+++ Record set +++

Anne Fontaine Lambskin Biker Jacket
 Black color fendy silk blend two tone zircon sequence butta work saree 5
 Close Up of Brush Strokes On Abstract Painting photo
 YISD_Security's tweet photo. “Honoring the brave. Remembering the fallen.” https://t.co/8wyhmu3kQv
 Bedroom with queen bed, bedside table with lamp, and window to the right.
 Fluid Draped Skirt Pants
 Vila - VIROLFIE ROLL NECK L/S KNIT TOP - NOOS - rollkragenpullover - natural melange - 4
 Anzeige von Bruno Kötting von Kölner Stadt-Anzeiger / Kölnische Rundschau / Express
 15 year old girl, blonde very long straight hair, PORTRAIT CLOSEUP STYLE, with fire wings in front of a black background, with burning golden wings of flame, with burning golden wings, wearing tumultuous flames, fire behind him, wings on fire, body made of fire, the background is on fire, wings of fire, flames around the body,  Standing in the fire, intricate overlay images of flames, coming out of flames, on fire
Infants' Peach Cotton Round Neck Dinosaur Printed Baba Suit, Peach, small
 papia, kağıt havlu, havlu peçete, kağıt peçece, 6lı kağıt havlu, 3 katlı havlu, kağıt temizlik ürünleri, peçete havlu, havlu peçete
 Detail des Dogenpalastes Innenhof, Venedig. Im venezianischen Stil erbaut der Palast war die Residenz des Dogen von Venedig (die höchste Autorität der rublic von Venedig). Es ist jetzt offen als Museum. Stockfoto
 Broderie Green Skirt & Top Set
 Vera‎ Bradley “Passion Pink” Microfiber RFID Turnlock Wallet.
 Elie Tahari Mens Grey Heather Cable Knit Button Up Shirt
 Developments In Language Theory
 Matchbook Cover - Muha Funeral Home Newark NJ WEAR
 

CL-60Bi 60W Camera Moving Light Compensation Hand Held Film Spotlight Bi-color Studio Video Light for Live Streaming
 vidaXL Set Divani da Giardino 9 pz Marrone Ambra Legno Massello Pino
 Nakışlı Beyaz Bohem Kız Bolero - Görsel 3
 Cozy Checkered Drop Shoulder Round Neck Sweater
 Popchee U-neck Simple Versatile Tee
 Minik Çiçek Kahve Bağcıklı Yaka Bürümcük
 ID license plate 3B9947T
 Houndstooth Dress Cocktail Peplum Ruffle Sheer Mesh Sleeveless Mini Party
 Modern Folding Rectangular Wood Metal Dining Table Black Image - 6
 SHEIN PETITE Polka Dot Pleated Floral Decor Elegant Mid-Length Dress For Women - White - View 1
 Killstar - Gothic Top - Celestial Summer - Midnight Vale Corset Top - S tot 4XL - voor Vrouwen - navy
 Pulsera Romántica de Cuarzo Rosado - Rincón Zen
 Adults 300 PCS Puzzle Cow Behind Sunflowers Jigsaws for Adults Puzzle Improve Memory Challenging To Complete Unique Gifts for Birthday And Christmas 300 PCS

+++

### What you will do
Which lines run from the one holding "vidaXL Set Divani" through the one holding "SHEIN PETITE Polka" in the records above? Repeat them exactly, both included, and nothing more.

### Exercise response
 vidaXL Set Divani da Giardino 9 pz Marrone Ambra Legno Massello Pino
 Nakışlı Beyaz Bohem Kız Bolero - Görsel 3
 Cozy Checkered Drop Shoulder Round Neck Sweater
 Popchee U-neck Simple Versatile Tee
 Minik Çiçek Kahve Bağcıklı Yaka Bürümcük
 ID license plate 3B9947T
 Houndstooth Dress Cocktail Peplum Ruffle Sheer Mesh Sleeveless Mini Party
 Modern Folding Rectangular Wood Metal Dining Table Black Image - 6
 SHEIN PETITE Polka Dot Pleated Floral Decor Elegant Mid-Length Dress For Women - White - View 1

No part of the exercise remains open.